I like to boil things down to their essence:

  • Content teams attract leads.
  • Sales teams close leads.

You need to pound these two points into your head before you even think of fretting over SEO, analytics, toolsets, personas, platforms and everything else.

It’s all about the revenue it hauls in. If you stay focused on helping your company or client make more money, you’ll have a massive lead over the people sweating out everything else.

So now that we have that housekeeping out of the way, let’s look at the three core components of B2B tech content marketing.

Business to business

B2B involves buying and selling, but it’s a planet unto itself in the marketing solar system.

  • Products and services can have mind-boggling complexity.
  • Sales timelines can run months to years.
  • Sales volume can be remarkably low — some B2B tech companies might sell a hundred of their products in a year.
  • Transaction totals can be out-of-this-world high — into the hundreds of millions or even billions.
  • Closing results from deep relationships between sales professionals and their clients.
  • Sales pros must have a sophisticated understanding of the technologies their companies sell.
  • Marketing messaging focuses on helping potential clients understand the appeal of choosing specific technology options and explains how technologies work.

Technology

picture of wall of tools for b2b technology content marketing

In the B2B tech space, marketing is about promoting tools that improve business outcomes.

  • The fundamental appeal of technology is buying tools that repay the investment many times over in better cash flow, efficiency and profitability.
  • Automation means a job that costs $50 this year will cost only $30 next year.
  • Information technology service providers free up companies’ IT staffs to focus on core business initiatives.
  • Despite the emphasis on tools, techniques and the benefits they deliver, B2B tech marketing is fundamentally about people — helping buyers make smart decisions this year so they’ll keep coming back year after year.
  • Hard facts and cold logic drive the messaging, but marketers do address emotions: fears, anxieties, pain points, all the stuff that keeps leaders up at night.
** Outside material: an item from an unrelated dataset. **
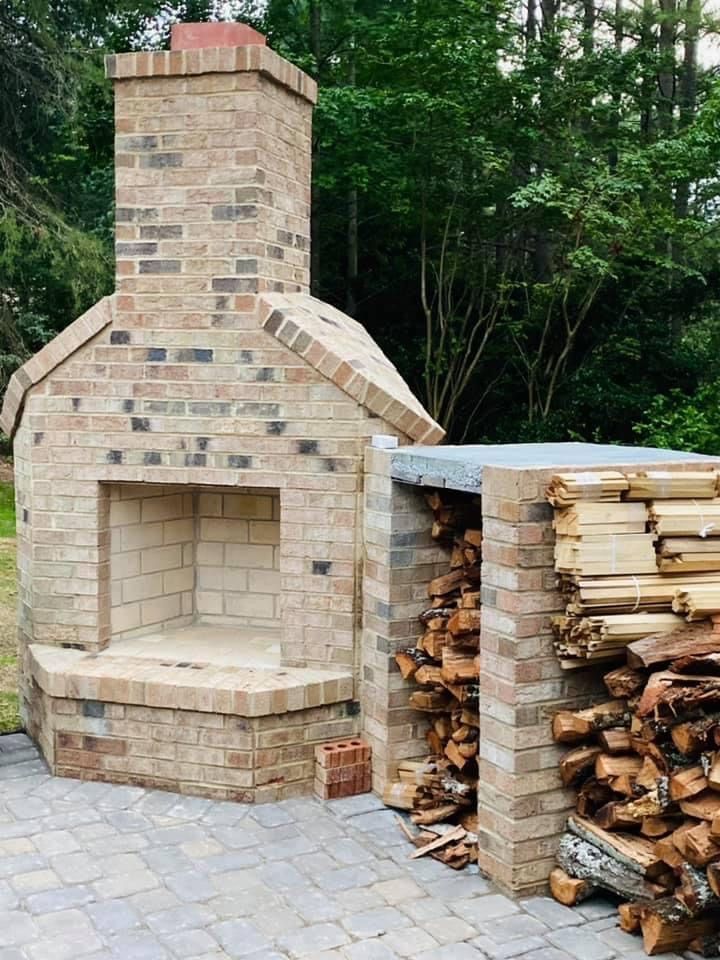 Brick outdoor fireplace beside a woodpile on a stone patio, with trees in the background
They just don’t oversell to smart people who have well-calibrated BS detectors.

Content marketing

Busy tech leaders need help deciding which technologies mesh with their business goals. Content gets them there.

  • It’s more than blogs, videos, trade show booths and other popular B2B technology channels. Content is best thought of as an experience that educates prospects, builds trust and moves people toward a purchase decision.
  • Blogs are a productive venue for top-of-the-funnel content that summarizes broad issues.
  • White papers provide in-depth guidance that explains the essential issues buyers need to think about before they close a deal. They are more middle-of-the-funnel.
  • Thought leadership pieces burnish companies’ credibility by proving they have people who are plugged into the most important challenges confronting their industry.

Making it all mesh

To succeed in B2B tech content marketing, you need to be:

  • Strategic: Success flows from a firm plan of action built on effective tactics for finding prospects, nurturing them along their buyers’ journey and then getting them to the dotted line. You have to know your target audience and speak to them directly.
  • Practical: You’ve got to be able to convey the appeal of a technology while reassuring prospects you can tell a server from a service bulletin. Technical-minded people tend to flounder on conveying appeal, while marketing-minded people get tripped up by the details of how technologies work. You’ll do best if you can do both.
  • Analytical: Data drives all successful B2B tech content marketing initiatives. You need to measure how long people stay on your pages, which links they click on, which keywords and articles reveal their interests.

Well, that’s a serviceable introduction. The best way to learn is to jump into the deep end of the pool and start swimming.